What's better than drawing 3 million fans? Getting a chance to draw more in playoffs
For valid economic reasons.
Despite the woes of the economy, the yearly population at Comerica Park is not shrinking, however.
For the third time in six years, the Detroit Tigers drew more than three million fans during the 2012 regular season, as 3,028,033 fans trickled through the turnstiles to see them play.
“Before I came here, when I thought of three million, I thought of the Dodgers, the Cardinals, the Yankees. To be honest with you, I didn’t think of Detroit,” said manager Jim Leyland, who’s been at the helm of the Tigers all three of those seasons, the only three times in the franchise’s 112-year history they’ve accomplished the feat. “Obviously, the three times, whatever it is, is pretty impressive. These people are unbelievable.”

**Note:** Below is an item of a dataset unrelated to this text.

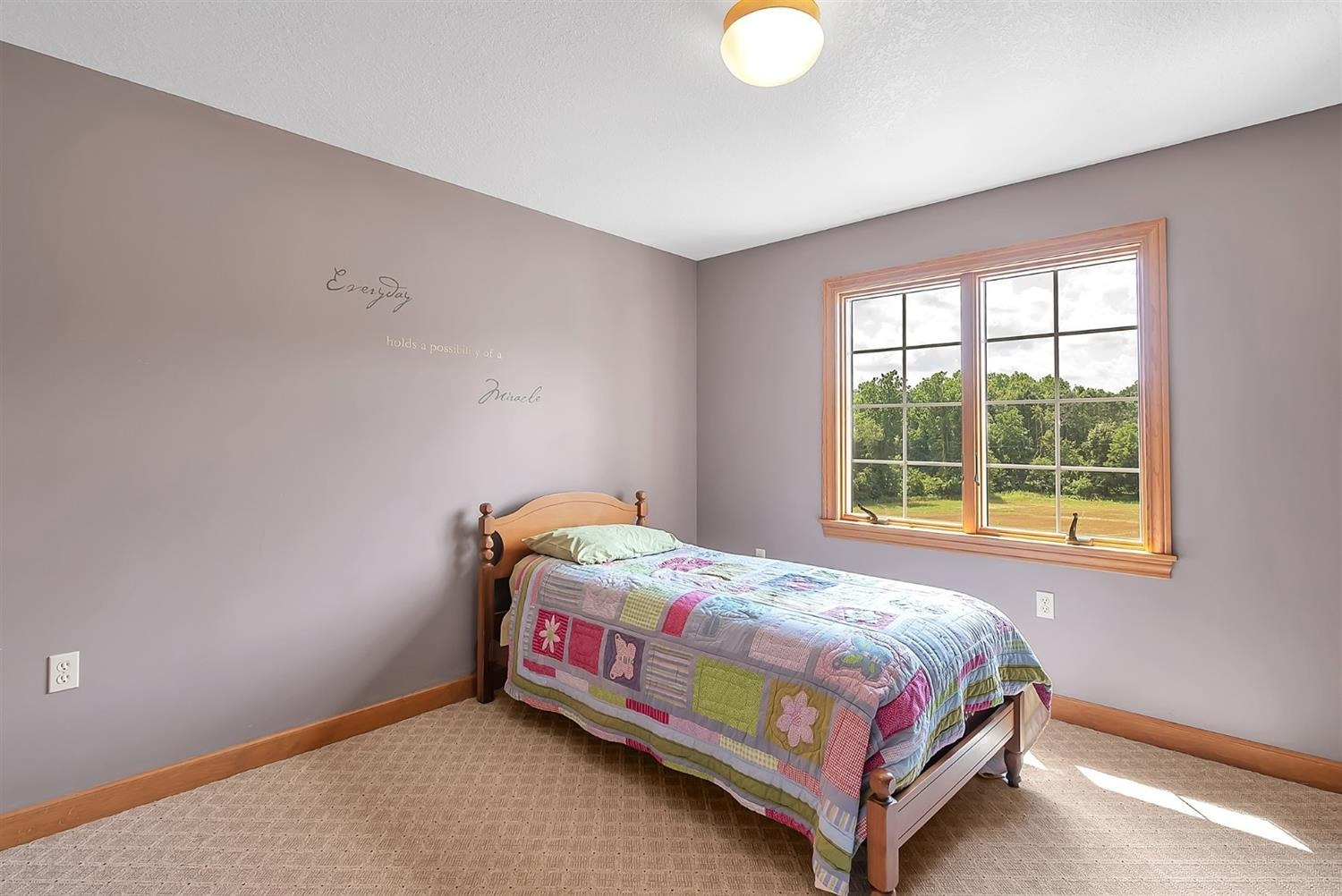 9909 Hogan Road Manchester, MI 48158 - Photo 52 of 67 Photo 52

Not all of them were satisfied every time they left, through a season that failed to live up to expectations until the very end.
Saturday and Sunday, though, another 83,564 or more could head through the gates off Brush Street, East Adams, Witherell and East Montcalm, as the Tigers will play host to the first two games of an American League Division Series, fulfilling the most basic goal that everyone had for the team: Make the playoffs.
For the first time since 1934-35, the Tigers are back in the postseason in consecutive years. Leyland’s the only the second manager to take the franchise to three postseasons, joining Hughie Jennings (1907-08-09).
“I’m proud of that. So be it. This isn’t my show, this is about the players. This is about the three million people, and probably a lot (more) of them that couldn’t afford to come, that didn’t show up, but were with us in spirit every night. I thank you for that,” an emotional Leyland said in his postgame comments on Fox Sports Detroit after the Tigers clinched the AL Central title on Monday.
“Congratulations to ... (everyone) and particularly the three million that come out to see us. I can’t thank ’em enough.”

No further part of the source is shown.